La Suisse tient à rester un paradis fiscal. Dans l’UE, il n’y a que l’Irlande, Chypre et la Bulgarie qui pratiquent un taux légèrement inférieur à nos 14%. En Allemagne, c’est 30%, en France 33% (bientôt 25%), en Italie 27,5%, en Autriche 25%. Impossible d’aller au-delà de 14%, clament la plupart des cantons, car nous devons garder nos entreprises étrangères qui aujourd’hui paient encore moins. Comme si le seul attrait de ce pays tenait à la fiscalité et non pas aux infrastructures, à la situation géographique, à la qualité de la main d’œuvre. Même le grand argentier Ueli Maurer relevait fièrement l’autre jour que les entreprises paient beaucoup plus d’impôts… aux Etats-Unis. Il se félicitait aussi de la concurrence entre cantons, ce qui les poussent à faire des économies. Tout est dit.

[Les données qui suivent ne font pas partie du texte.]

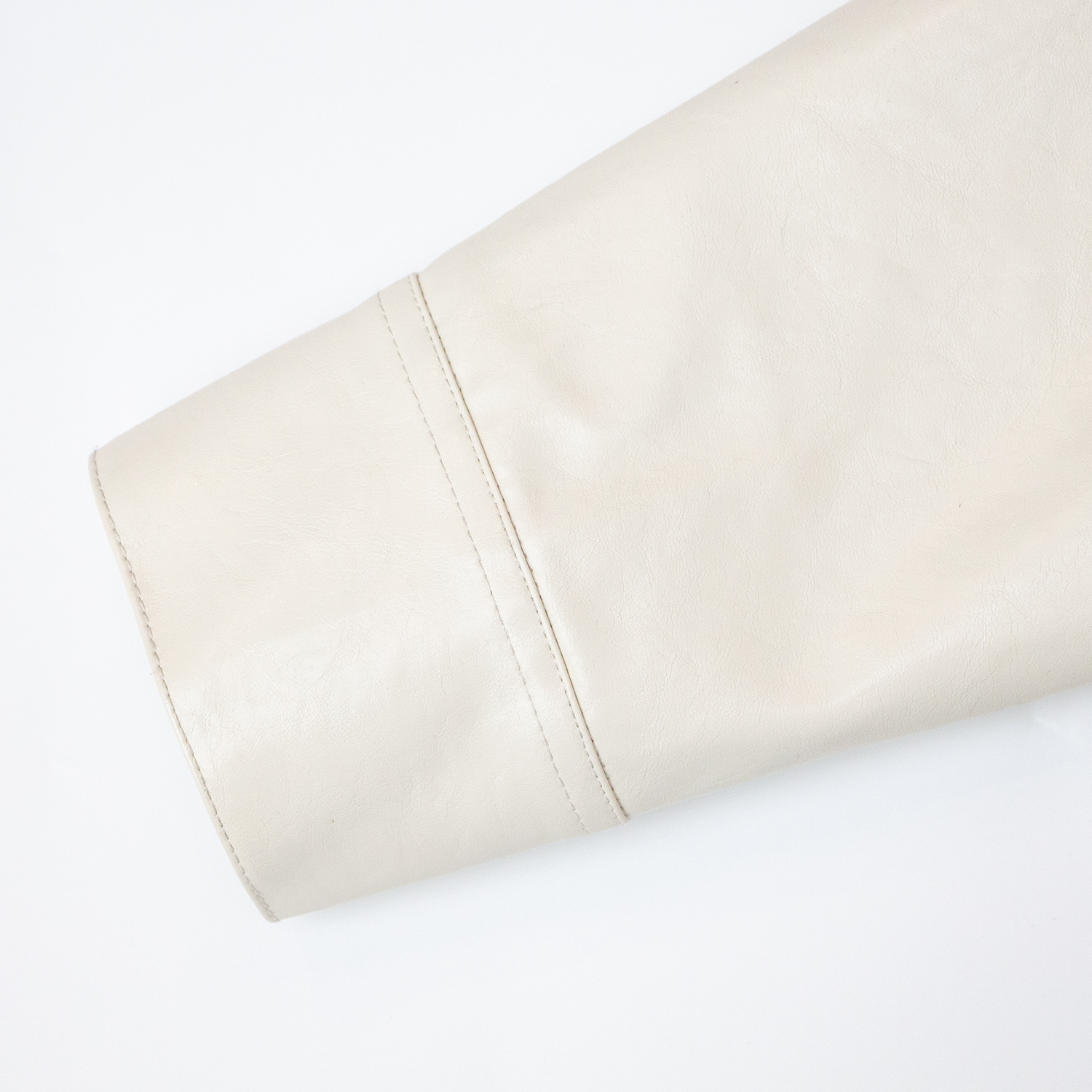 New minimalist and versatile single breasted PU leather jacket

Les comparaisons internationales si révélatrices apparaissent peu dans la campagne. Etonnant au moment où l’opinion publique commence à s’inquiéter de voir grandir l’écart entre les fortunes en forte progression des actionnaires et les salaires en stagnation ou en recul. Il y a de quoi s’inquiéter. Le trou de plusieurs milliards que provoquera cette réforme risque bien d’être compensé, tôt ou tard, par une augmentation des impôts sur la classe moyenne.

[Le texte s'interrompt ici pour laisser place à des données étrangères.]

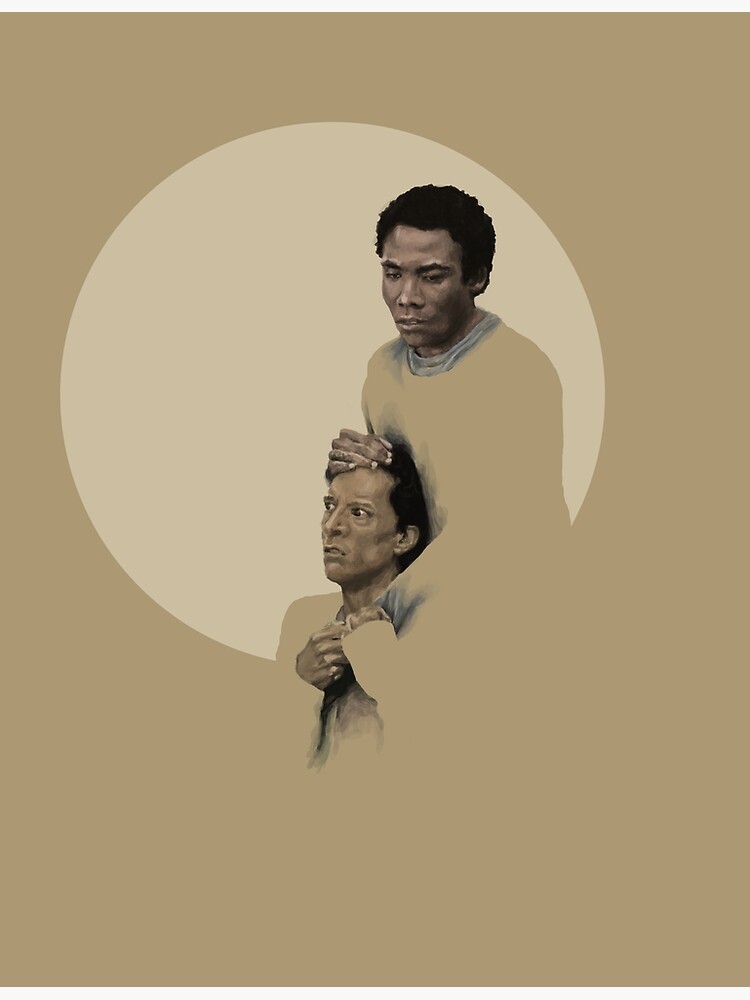 Discover Troy and Abed being sad Premium Matte Vertical Poster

Pour faire passer la pilule (refusée une première fois en 2017), la gauche a donc réussi à faire admettre un versement de deux milliards par an à l’AVS. Fort bien. Mais gare à l’esbroufe: 800 millions proviendront de la caisse fédérale et 1200 d’une augmentation des cotisations. Drôle de cadeau. Le problème à terme de l’assurance-vieillesse ne sera pas résolu pour autant. L’augmentation de la durée de vie appelle d’autres mesures. Peut-être l’élévation de l’âge de la retraite. Et surtout d’autres sources de financement. Les cotisations salariales et patronales n’y suffiront plus. Une hausse de la TVA? La nôtre est la plus basse d’Europe… alors que les prix à la consommation sont les plus élevés (cherchez l’erreur). Même si l’on ajoute à cette «compensation» un coup de pouce supplémentaire aux cantons. Ceux-ci, comme les communes, verront à coup sûr des trous dans leurs comptes.
Ce méli-mélo, cette «tuyauterie à la Tinguely» pour Domaine public amène un effet d’enfumage. Le soulagement des parlementaires d’avoir trouvé une issue est tel qu’ils ne parlent plus du fond des sujets, évoquent les conséquences avec des chiffres flous et s’interrogent le moins possible sur le long terme. A chacun de nous de le faire. Et de se décider en fonction de sa propre vision des enjeux.